Le comité parlementaire qui doit étudier la question compte 60 % de députés libéraux, bien que le parti n'ait récolté que 39 % du vote aux élections. Comble d'ironie, c'est en vertu d'un système électoral qu'il juge lui-même « non démocratique » que le gouvernement chambarderait un système en place depuis 1792... et cela, sans même l'approbation des autres partis !

Ce qui empire les choses, c'est l'incompétence de la ministre chargée des Institutions démocratiques, Maryam Monsef, qui fait partie de la fournée de néophytes promues au Conseil des ministres par souci de la parité, et qui n'a manifestement pas les qualités que requiert ce dossier délicat, à commencer par le jugement et la connaissance des... institutions démocratiques.
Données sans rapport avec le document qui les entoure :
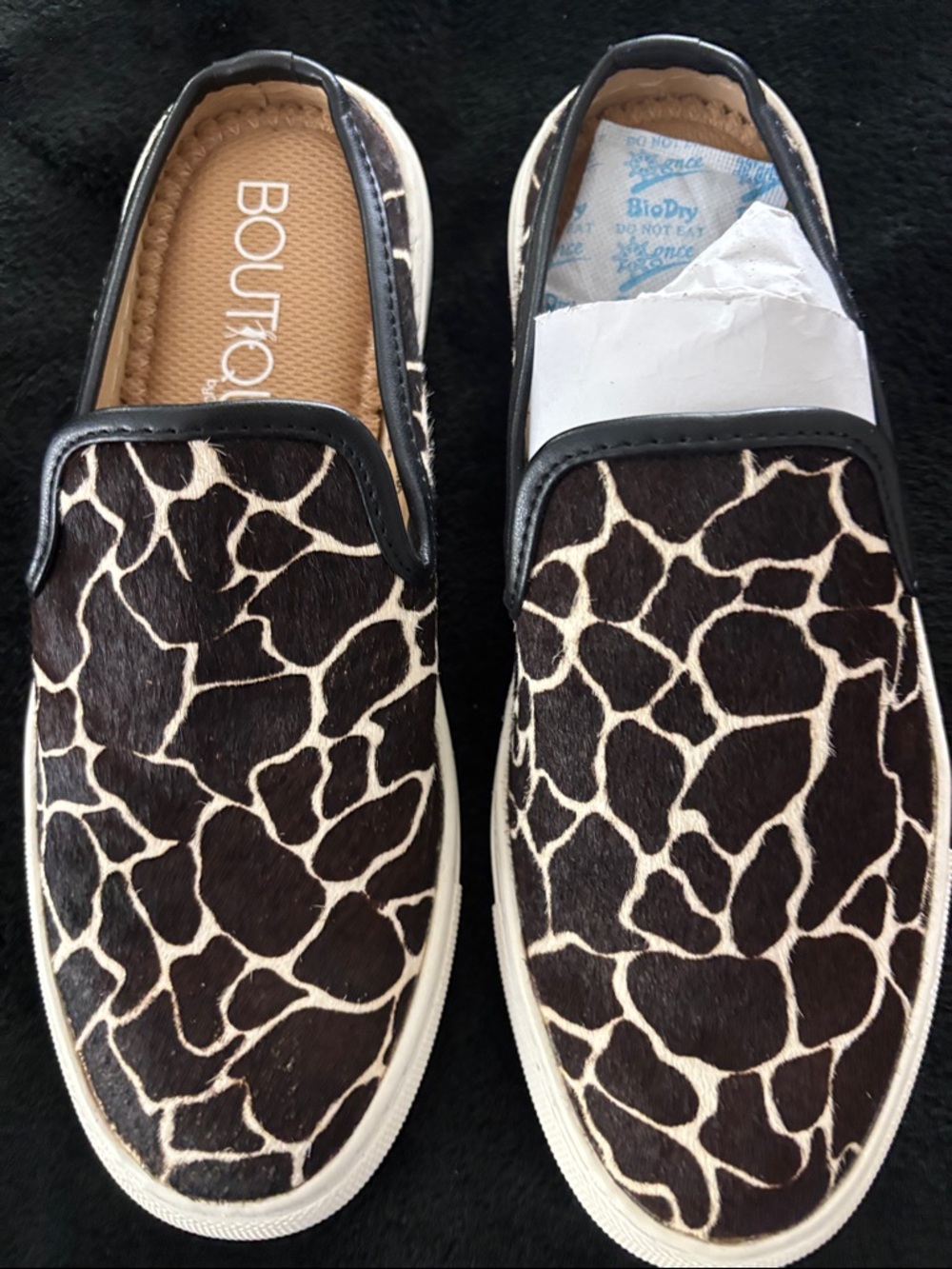 Brown & Cream Giraffe-Print Slip-On Loafers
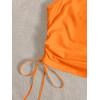imageFloerns Womens Graphic Print Sleeveless Drawstring Ruched Crop Tank TopOrange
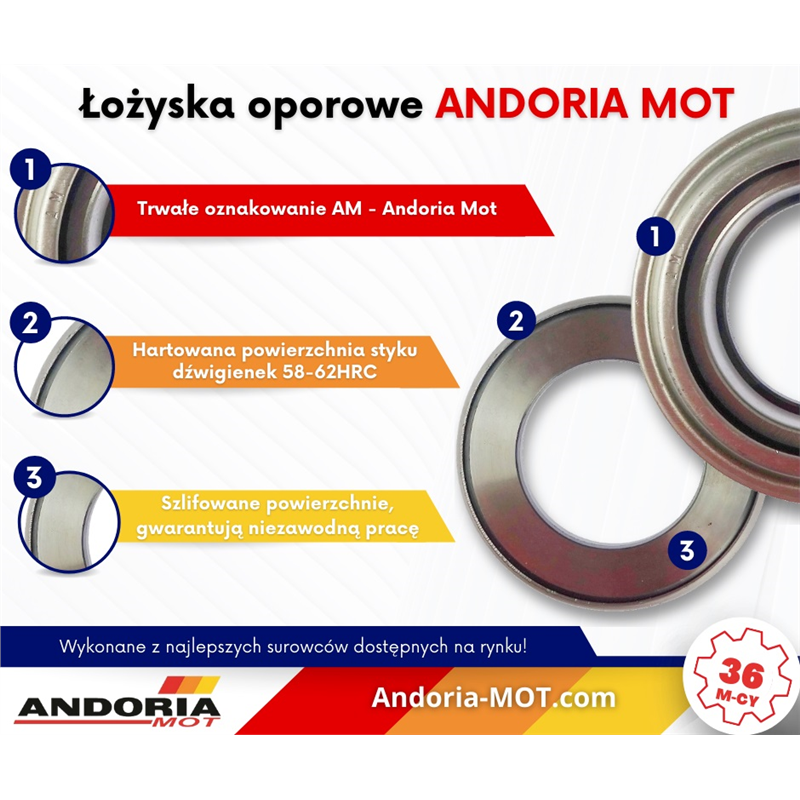 Łożysko wyciskowe wysokie (oporowe) C-385 ANDORIA-347501517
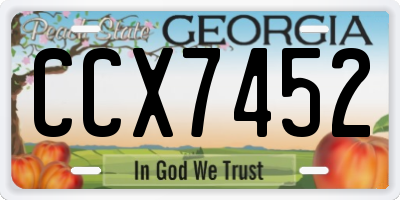 GA license plate CCX7452
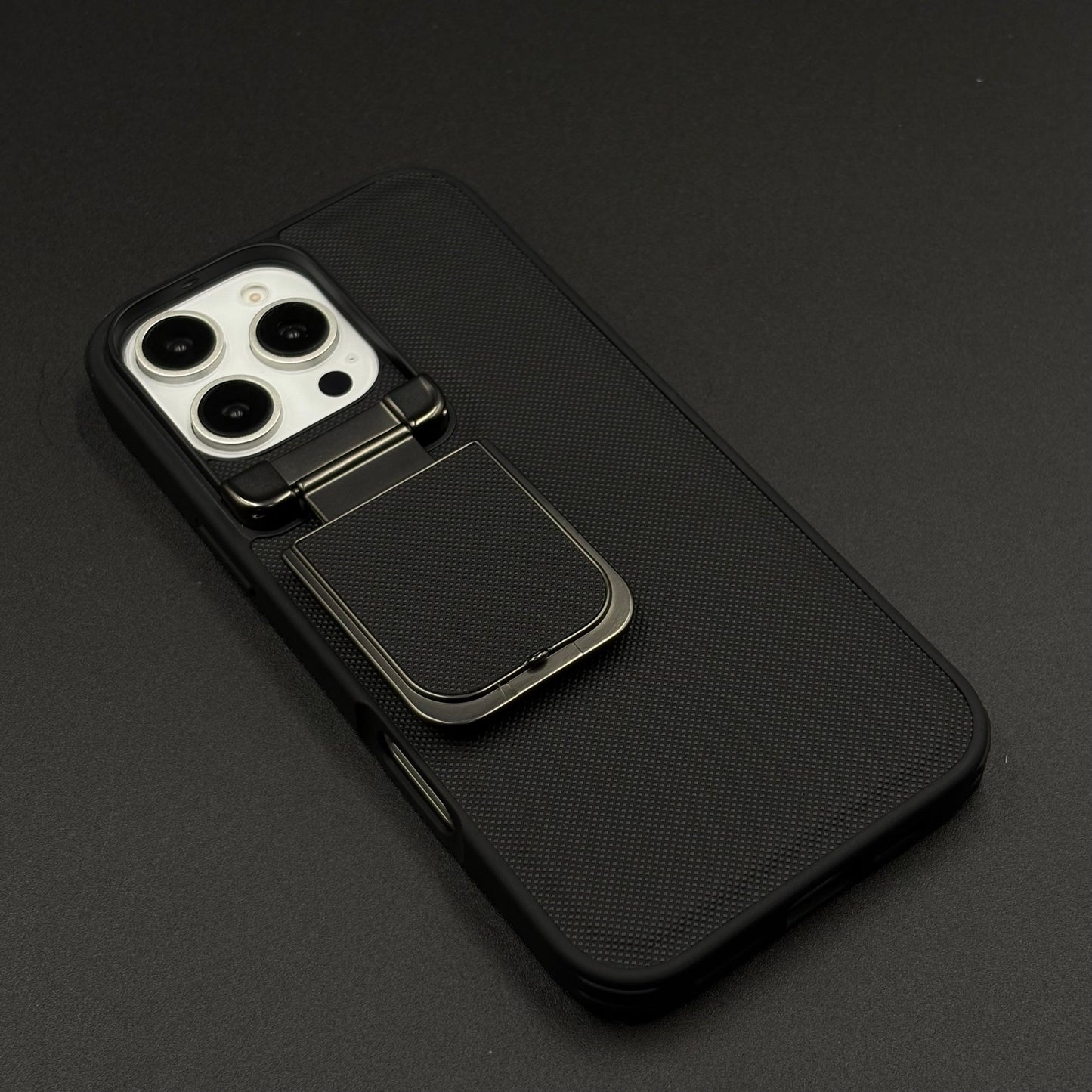 Dotted Leather Feel Case with Foldable Stand for iPhone Series | Premium Grip | Kickstand Style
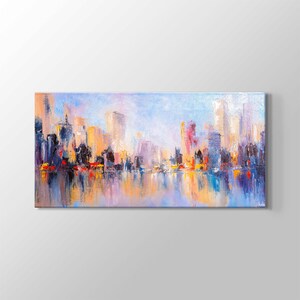 Abstract Design Harbor Painting Wall Art Print on Canvas Home Living Room, Bedroom Decor New Home Gift Artworks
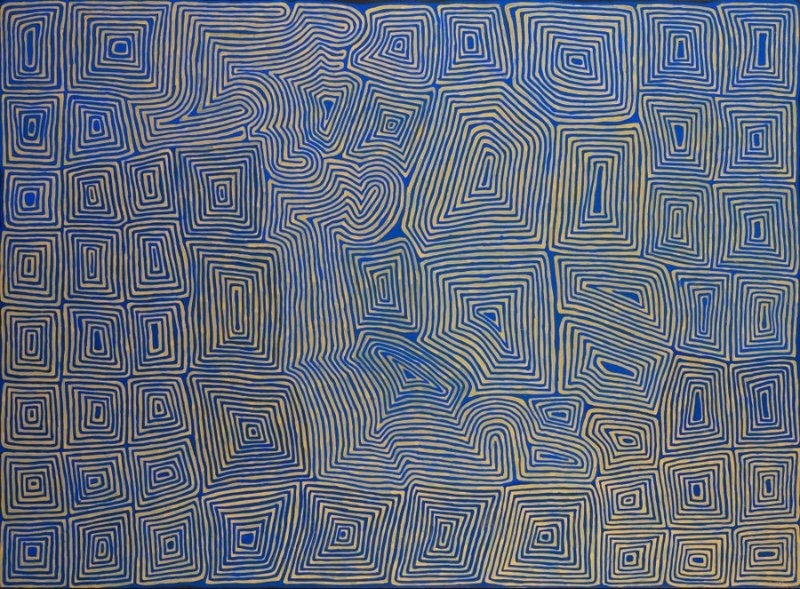 Ronnie Tjampitjinpa Tingari Cycle 2001 painting, with dense blue and cream concentric rectangular forms and flowing parallel lines covering a large horizontal canvas.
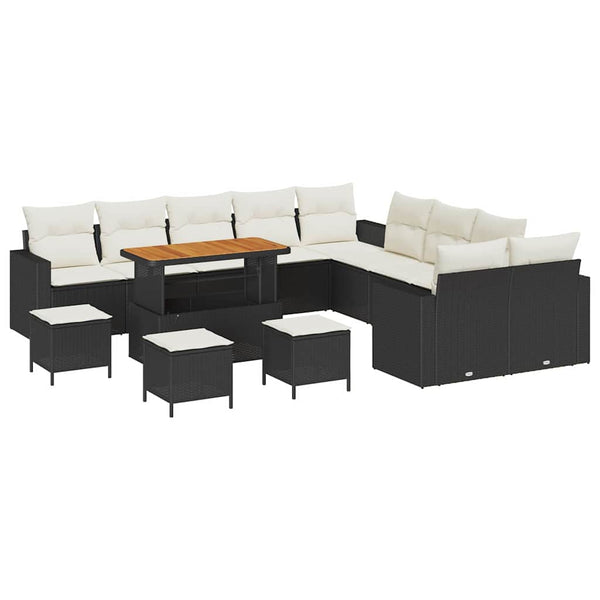 Gartensofa Set Schwarz Creme Poly-Rattan 18-teilig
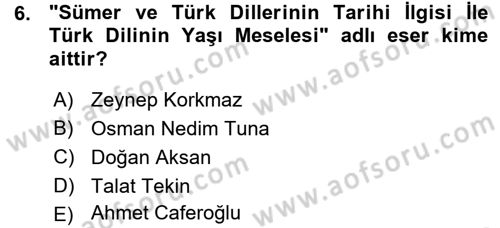 Çağdaş Türk Yazı Dilleri 1 Dersi 2015 - 2016 Yılı (Vize) Ara Sınav Soruları 6. Soru
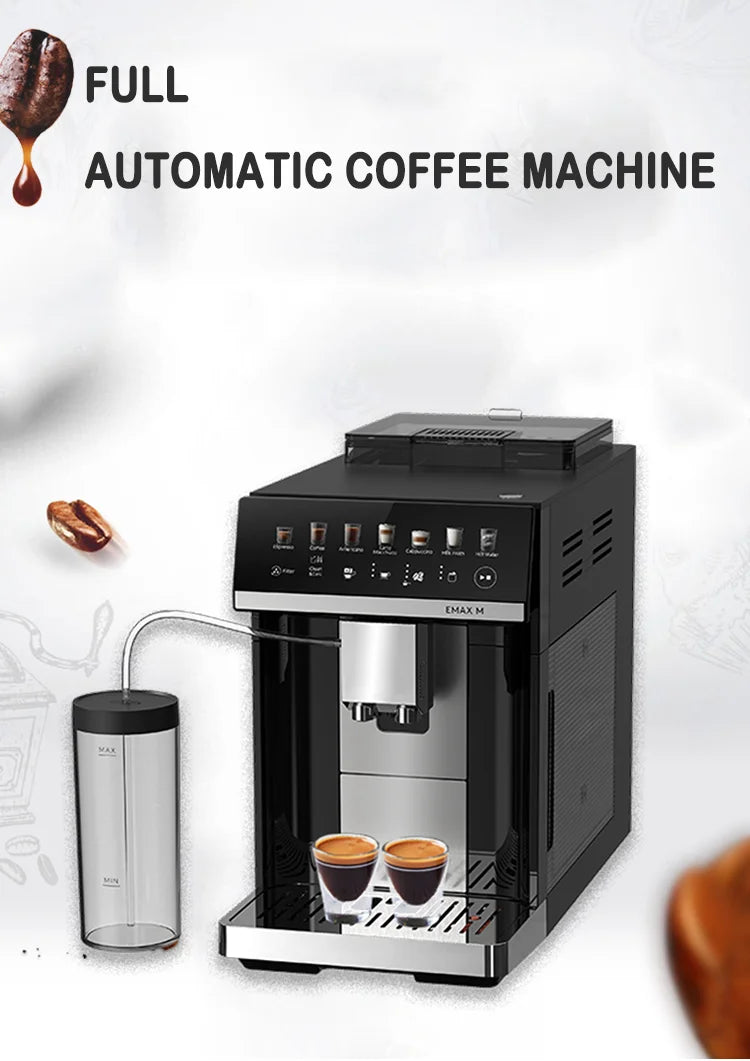 Mcilpoog M3 Automatic Espresso Machine ，Built-In Milk Frother & Tank, 7 Coffee Varieties, Touchscreen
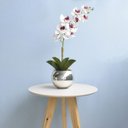 Ver imagem 4 de Arranjo de Orquídea Artificial Tigre 3D no Vaso Prateado Médio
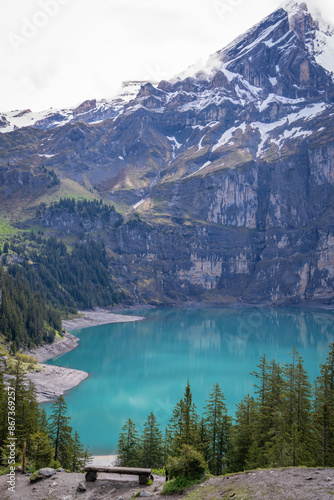 oeschinensee is the place where the tourist came to walk trek hike camp and picnic .there is many beautiful and amazing view point to take photo , kandersteg Switzerland 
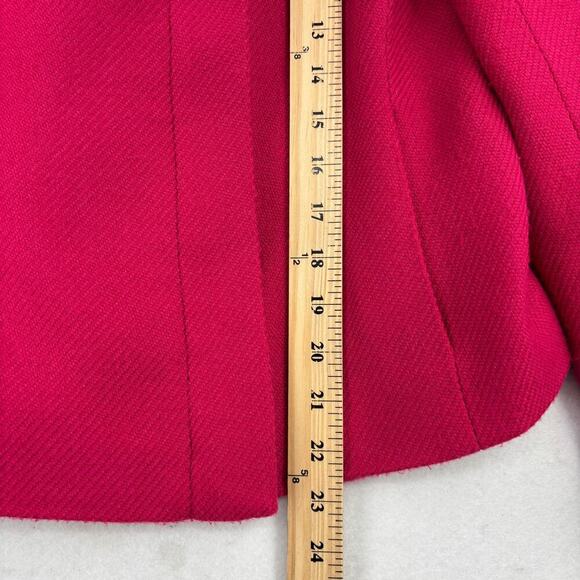 Talbots Moto Blazer Jacket Size 10 Magenta Pink Wool Blend Tweed Texture Lined - Picture 11 of 11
La ministre ne se prive pas d'émettre des opinions farfelues. Ainsi, elle a déclaré qu'un référendum risquerait de « maintenir le statu quo » (!) et ne serait pas « inclusif », parce que plusieurs groupes minoritaires, comme les jeunes, les démunis, les « personnes indigènes » (sic) n'y participeraient pas.

« Les référendums, dit-elle, ont peut-être été utiles au XIXe siècle, mais on a fait du chemin depuis. » (Au Canada, un seul référendum a été tenu à la toute fin du XIXe siècle, en 1898, sur la prohibition !)

Heureusement, le ministre Dominic LeBlanc, leader parlementaire du gouvernement, est le vrai pilote du dossier. Il y a donc de l'espoir.